Expliquer le texte suivant
Qu’est-ce qu’un jugement vrai ? Nous appelons vraie l’affirmation qui concorde avec la réalité. Mais en quoi peut consister cette concordance ? Nous aimons à y voir quelque chose comme la ressemblance du portrait au modèle l’affirmation vraie serait celle qui copierait la réalité. Réfléchissons-y cependant nous verrons que c’est seulement dans des cas rares, exceptionnels, que cette définition du vrai trouve son application. Ce qui est réel, c’est tel ou tel fait déterminé s’accomplissant en tel ou tel point de l’espace et du temps, c’est du singulier, c’est du changeant. Au contraire, la plupart de nos affirmations sont générales et impliquent une certaine stabilité de leur objet. Prenons une vérité aussi voisine que possible de l’expérience, celle-ci par exemple : « la chaleur dilate les corps ». De quoi pourrait¬elle bien être la copie ? Il est possible, en un certain sens, de copier la dilatation d’un corps déterminé à des moments déterminés, en la photographiant dans ses diverses phases.
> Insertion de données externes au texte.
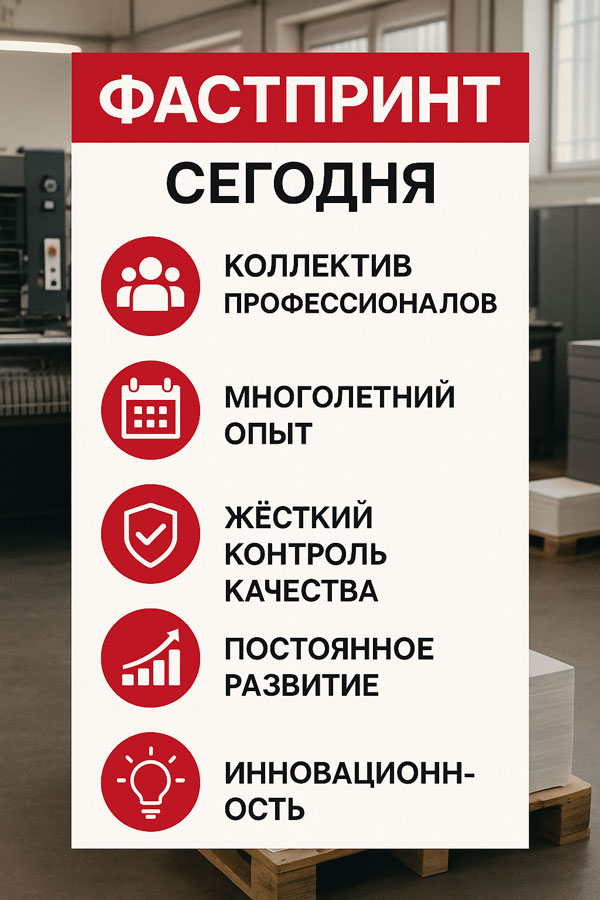Фастпринт сегодня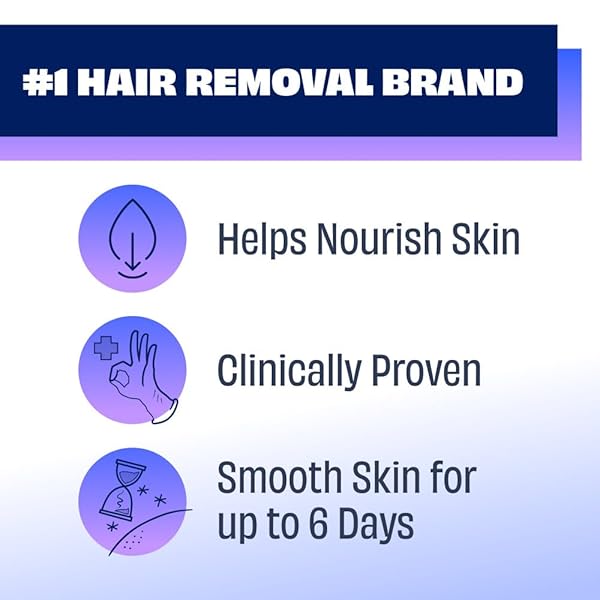 NAIR MEN HAIR REMOVER BODY CREAM, MANSCAPE FOR SMOOTH SKIN FOR DAYS, COARSE HAIR REMOVAL, 12 OZ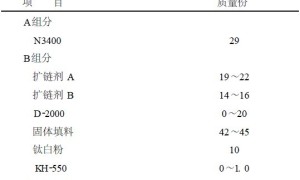 聚脲型道路标线涂料的研制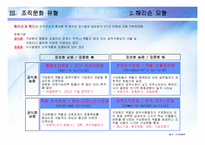 조직문화의 유형과 사례-10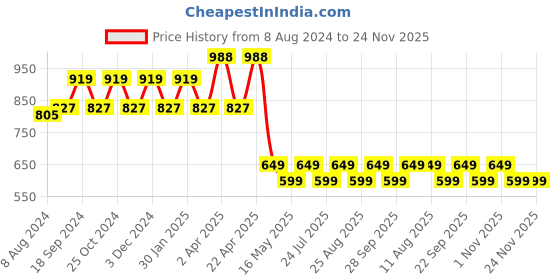 tatacliq.com PURVAJA Yellow Floral Print Crop Top purvaja Price History Graph from 8 Aug 2024 to 24 Nov 2025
Même, par métaphore, je puis encore dire que l’affirmation « cette barre de fer se dilate » est la copie de ce qui se passe quand j’assiste à la dilatation de la barre de fer. Mais une vérité qui s’applique à tous les corps, sans concerner spécialement aucun de ceux que j’ai vus, ne copie rien, ne reproduit rien.
BERGSON, La pensée et le mouvant, 1934.
Texte clair qui ne pose aucune difficulté (si ce n’est celui de la paraphrase).
Distingue nettement, ce qui est la plupart confondu, le réel et le vrai : pour qu’il y ait réalité, il faut que quelque chose soit mais pour qu’il y ait vérité, il faut que l’on produise un jugement sur ce réel. Le réel n’est ni vrai ni faux, il est (le tableau d’un faussaire est): c’est seulement le jugement portant sur le réel qui peut être qualifié de vrai ou de faux (c’est le jugement sur l’attribution de ce tableau réel à tel peintre qui peut être faux) .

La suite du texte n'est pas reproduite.